There are two distinct approaches to filtering documents to ensure that search results contain only the documents that the user who submitted the search request is authorized to view.

The first approach is to replicate the document's source access control lists (ACLs) at crawl time into the index and to rely on the search engine to compare user credentials to the replicated document ACLs. Pre-filtering the documents, and controlling which documents are added to the index, results in the best performance. However, it is difficult to model all of the security policies of the various back-end sources in the index and implement comparison logic in a uniform way. This approach is also not as responsive to any changes that might occur in the source ACLs.
The second approach is to post-filter documents in the result set by consulting the back-end sources for current security data. This approach allows the contributing back-end sources to be the final arbiters of the documents returned to the user, and ensures that the result set reflects current access controls. However, this approach results in degraded search performance because it requires that connections exist with all of the back-end sources. If a source is not accessible, then links to documents must be filtered out of the result set along with documents that the user is not authorized to view.

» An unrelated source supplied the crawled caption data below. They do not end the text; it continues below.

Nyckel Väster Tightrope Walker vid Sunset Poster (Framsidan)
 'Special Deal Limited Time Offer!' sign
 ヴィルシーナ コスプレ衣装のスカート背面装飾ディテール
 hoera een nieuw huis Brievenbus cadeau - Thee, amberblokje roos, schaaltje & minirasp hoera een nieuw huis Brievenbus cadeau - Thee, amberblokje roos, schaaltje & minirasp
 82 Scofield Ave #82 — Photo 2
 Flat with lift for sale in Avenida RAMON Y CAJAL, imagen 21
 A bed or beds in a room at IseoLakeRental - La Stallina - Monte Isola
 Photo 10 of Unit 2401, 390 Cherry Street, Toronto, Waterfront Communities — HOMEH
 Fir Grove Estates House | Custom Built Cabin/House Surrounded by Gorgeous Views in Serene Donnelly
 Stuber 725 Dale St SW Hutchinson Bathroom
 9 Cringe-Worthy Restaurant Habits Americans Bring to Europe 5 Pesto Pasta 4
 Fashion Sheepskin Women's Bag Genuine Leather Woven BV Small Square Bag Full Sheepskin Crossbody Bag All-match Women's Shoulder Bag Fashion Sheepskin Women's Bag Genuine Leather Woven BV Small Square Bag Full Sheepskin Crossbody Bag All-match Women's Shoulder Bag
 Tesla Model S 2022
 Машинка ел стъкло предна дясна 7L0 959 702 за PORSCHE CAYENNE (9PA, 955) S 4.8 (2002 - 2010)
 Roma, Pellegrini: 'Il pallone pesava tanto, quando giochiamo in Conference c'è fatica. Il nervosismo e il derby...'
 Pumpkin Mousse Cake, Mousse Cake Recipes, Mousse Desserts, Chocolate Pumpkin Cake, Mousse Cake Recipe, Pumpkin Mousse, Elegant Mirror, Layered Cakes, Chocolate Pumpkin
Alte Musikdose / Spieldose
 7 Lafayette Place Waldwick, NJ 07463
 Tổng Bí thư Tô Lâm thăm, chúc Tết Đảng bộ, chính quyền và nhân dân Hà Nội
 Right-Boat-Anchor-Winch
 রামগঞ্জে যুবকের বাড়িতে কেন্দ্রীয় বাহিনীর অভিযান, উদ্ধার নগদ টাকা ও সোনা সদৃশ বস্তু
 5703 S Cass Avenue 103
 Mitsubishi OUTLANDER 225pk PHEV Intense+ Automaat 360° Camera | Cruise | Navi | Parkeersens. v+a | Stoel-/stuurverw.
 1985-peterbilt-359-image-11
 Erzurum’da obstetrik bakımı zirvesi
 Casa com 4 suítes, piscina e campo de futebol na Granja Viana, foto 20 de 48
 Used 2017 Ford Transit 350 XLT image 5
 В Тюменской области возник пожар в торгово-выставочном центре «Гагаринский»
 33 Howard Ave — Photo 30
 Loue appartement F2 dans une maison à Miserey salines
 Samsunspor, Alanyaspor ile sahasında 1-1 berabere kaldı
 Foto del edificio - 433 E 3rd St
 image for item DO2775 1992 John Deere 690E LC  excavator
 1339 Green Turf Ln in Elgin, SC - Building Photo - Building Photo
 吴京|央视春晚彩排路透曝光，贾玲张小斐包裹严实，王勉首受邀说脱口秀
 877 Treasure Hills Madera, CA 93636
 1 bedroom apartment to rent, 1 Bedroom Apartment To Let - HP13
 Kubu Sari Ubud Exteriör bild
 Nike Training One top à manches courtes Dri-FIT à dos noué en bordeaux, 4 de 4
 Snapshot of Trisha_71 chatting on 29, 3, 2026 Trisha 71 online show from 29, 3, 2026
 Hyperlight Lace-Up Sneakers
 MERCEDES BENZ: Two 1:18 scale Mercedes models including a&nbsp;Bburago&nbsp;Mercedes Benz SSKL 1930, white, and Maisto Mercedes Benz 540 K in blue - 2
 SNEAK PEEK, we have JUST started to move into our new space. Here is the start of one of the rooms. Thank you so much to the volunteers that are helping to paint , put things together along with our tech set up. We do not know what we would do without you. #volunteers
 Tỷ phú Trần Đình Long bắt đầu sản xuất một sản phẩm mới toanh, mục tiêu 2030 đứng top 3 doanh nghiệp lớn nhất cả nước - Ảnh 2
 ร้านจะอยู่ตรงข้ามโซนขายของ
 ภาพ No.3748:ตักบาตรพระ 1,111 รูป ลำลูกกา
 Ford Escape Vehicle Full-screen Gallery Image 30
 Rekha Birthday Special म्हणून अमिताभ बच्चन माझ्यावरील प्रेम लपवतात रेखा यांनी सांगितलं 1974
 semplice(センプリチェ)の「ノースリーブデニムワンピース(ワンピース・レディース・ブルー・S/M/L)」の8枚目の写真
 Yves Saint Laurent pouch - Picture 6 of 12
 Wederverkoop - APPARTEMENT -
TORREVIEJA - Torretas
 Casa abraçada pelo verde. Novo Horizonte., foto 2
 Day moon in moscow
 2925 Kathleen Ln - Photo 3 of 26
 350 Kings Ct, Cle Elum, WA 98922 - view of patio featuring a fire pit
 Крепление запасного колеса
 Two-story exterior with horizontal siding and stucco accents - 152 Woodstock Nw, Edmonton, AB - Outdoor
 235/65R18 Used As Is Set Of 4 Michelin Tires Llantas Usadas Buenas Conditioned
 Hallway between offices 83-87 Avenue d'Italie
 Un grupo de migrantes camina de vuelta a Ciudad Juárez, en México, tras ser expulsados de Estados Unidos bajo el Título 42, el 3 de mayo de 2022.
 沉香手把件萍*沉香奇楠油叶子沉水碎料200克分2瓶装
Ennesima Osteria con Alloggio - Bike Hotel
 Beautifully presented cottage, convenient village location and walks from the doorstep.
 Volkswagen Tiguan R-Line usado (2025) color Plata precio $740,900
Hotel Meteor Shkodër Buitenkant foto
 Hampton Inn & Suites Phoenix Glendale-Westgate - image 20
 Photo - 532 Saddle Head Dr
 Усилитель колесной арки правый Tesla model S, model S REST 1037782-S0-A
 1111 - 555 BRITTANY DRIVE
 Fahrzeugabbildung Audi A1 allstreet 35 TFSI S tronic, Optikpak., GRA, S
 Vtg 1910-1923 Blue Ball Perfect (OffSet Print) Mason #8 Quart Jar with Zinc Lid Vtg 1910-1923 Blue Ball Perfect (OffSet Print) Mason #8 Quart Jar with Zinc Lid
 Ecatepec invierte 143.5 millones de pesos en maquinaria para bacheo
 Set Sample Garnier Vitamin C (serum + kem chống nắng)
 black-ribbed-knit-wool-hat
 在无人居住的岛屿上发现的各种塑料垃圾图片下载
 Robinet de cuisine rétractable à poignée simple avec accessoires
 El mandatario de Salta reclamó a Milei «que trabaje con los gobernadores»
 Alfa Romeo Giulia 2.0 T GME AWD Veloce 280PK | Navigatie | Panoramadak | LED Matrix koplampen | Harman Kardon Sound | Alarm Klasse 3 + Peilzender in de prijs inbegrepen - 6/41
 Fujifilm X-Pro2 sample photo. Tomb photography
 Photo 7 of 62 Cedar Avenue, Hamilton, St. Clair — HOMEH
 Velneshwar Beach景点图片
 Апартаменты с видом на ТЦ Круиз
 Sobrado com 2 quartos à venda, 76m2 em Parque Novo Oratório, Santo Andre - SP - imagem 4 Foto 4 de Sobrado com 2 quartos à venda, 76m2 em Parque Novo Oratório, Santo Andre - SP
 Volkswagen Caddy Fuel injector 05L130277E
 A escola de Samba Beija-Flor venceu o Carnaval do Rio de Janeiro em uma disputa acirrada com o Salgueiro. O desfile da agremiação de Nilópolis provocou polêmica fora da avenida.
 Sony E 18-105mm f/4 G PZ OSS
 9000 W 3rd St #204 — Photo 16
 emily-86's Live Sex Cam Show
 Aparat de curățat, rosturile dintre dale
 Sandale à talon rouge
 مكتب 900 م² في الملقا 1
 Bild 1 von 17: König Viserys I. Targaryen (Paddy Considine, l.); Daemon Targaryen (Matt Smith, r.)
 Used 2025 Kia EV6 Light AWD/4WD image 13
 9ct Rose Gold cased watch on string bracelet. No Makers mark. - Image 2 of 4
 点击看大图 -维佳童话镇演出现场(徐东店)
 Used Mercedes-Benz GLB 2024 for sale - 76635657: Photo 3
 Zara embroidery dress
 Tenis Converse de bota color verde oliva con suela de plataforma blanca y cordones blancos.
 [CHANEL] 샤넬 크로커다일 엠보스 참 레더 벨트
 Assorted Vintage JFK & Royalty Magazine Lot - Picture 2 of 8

Support for enforcing access controls relies on a combination of these two approaches. The design provides optimum performance while maintaining the precise security policies of the originating document repositories. By storing high-level access control data in the index, the system can provide an interim (potentially smaller) result set which can then be post-filtered to verify current access controls. The assumption is that if the user has access to the repository that owns the document, then chances are that the user also has access to the document.

The access control data that is stored in the index varies with the crawler type. For example, the Notes crawler can store database- and server-level access controls, and the Quickr for Domino crawler can store access controls for servers, places, and rooms.

All crawlers and data source types support the ability to index source access control data during crawl time. Some crawlers and data source types also support the ability to post-filter the result set and verify the user's current credentials. This type of support is provided through data source security mechanisms or the identity management component.

This two-pronged security design encompasses the following tasks:

Extracting ACL information during crawl time.
Storing server and database ACL information in the index.
Creating the user's security context when the user logs in or when the session is initialized. This task must account for the different identifiers that a single user must use to access the various back-end sources.
Processing the search with the user's security context and producing an interim result set that contains only those documents that the user has access to at the repository level.
Post-filtering the interim result set by consulting the back-end sources that contributed documents to the result set to obtain current ACL information.

Exporting documents

Post-filtering of search results is not supported by the export function. If you export documents after searching a secure collection, documents that are excluded from the search results through post-filtering will be included in the set of documents that are exported. Documents that are excluded from the search results through pre-filtering will not be exported.